Wednesday, May 7, 2008

Dear May,

You are all around me in your strangest form. I feel your warmth, the ever-glowing presence of the sun shadowed by the gray sheath of clouds and tingling drops of rain. With your arrival an ending has attached, I leave a life, a group of friendsand return to sheltered suburban-ness. My communal, carefree society is malignant to the scorning of my other life. I feel two-faced. I am ashamed. I see nothing wrong with the existential being that consumes me until their worries penetrate my membrane. They don't know. They have no reason to worry. I am not drowning in a pot of sinking sand. Though at times I feel I am. At times I fight nature. I fight instinct, I create an internal gnawing at my identity. What is it? Who am I? I feel like "Most Likely to Not Succeed". I have no motivation, I have no challenge. That's it. Nothing to challenge me, to keep me focused. No incentive. But I should. My parents are broke. That should be enough, but it's not. I am sinking. I can't return home. I sink faster there.

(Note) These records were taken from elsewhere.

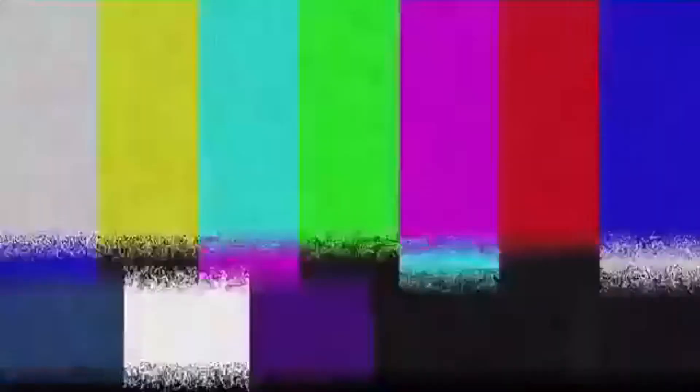TIL that a North Korean teen who was chosen to go to the International Mathematical Olympiad used it to escape North Korea and start a new life.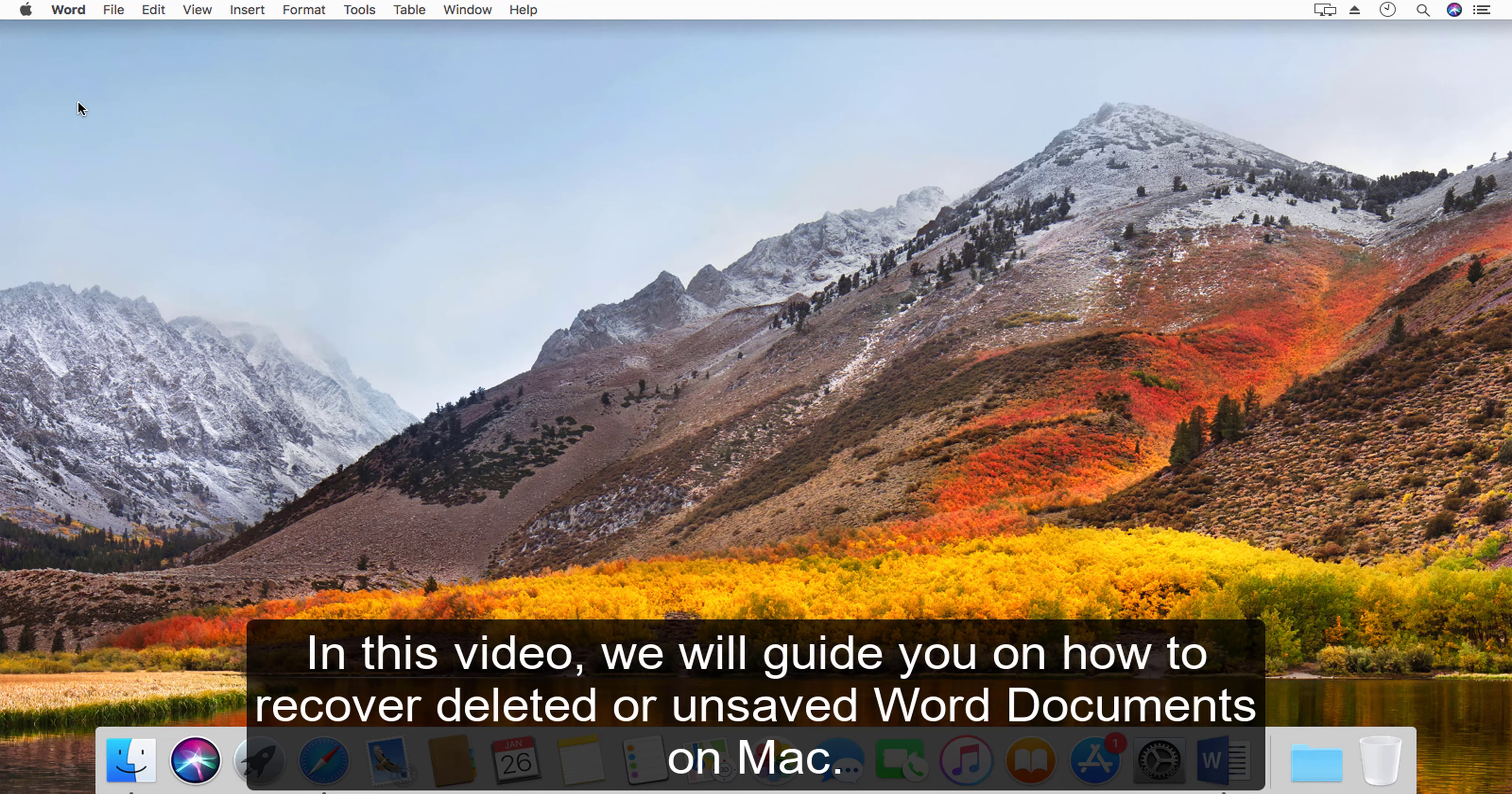In this video, we will guide you on how to recover deleted or unsaved Word documents on Mac.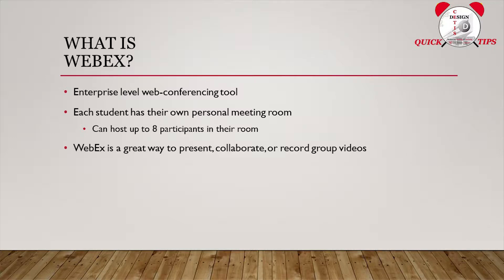And with that in mind, students can also choose to record their WebEx sessions for future use or to upload to a Blackboard assignment. So let's get started.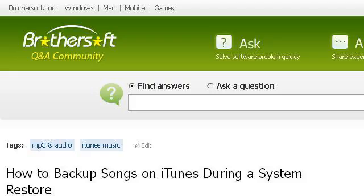If you don't find useful information on the previous sites, see ask.brothersoft.com — the web page "How to Backup Songs on iTunes During a System Restore?" Here's the link.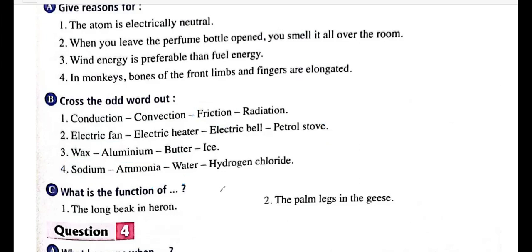What is the function of the long beak in a heron? The heron eats worms and snails, so its long beak functions to pick up worms and snails. The webbed feet in geese help them in swimming, since geese swim in water.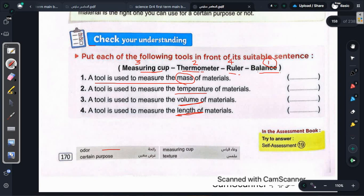Vocabulary: odor = رائحة, texture = ملمس/قوام بتاع المادة, measuring cup = وعاء للقياس. With that, we have finished Lesson 1, Activities 1, 2, and 3. See you in the next video. If you haven't subscribed to the channel yet, please subscribe now, give the video a like so the benefit reaches all your classmates. Goodbye!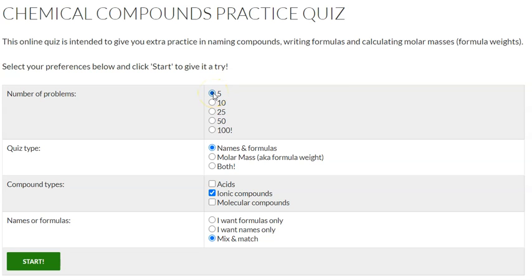For this practice, what you want to do is click the number of problems you want to actually practice. So do you want to do 5 questions, 10, 25, 50, or 100, and change it to that quantity.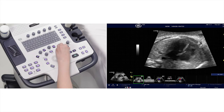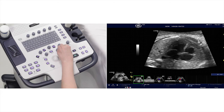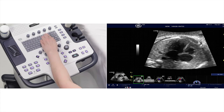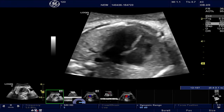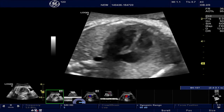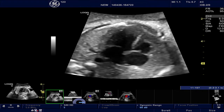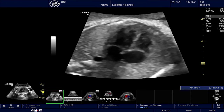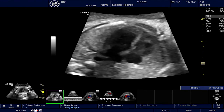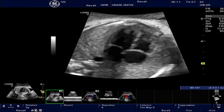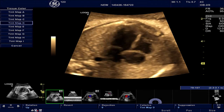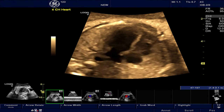Reduce posterior saturation by adjusting the TGC. Now adjust the image gain and dynamic range. The speckle noise in the image can be reduced by using the SRI function to get an enhanced image. The image can be further adjusted using the colorize option, and can now also be annotated and saved.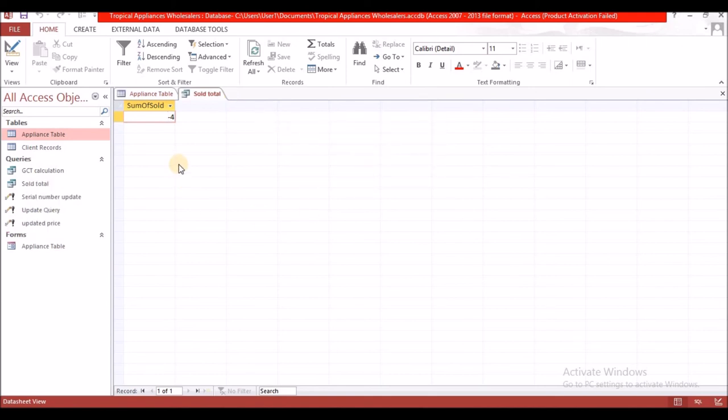Save this query as 'sold total'. Our very last query on the appliance table says to create a query to find the number of each kind of appliance in the tropical appliance wholesaler's inventory.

There's nothing to grab on to, no consistency, except my mother's irrationality and drunken stupor. I flee from it. I want her to be one thing, but she is not. I want to tell the world my troubles, but in a whisper. I'll talk until somebody listens. Someone will. 

Oh, May. You bring me to a crossroad. Who am I? What do I want? Where should I go? And most of all, What is important?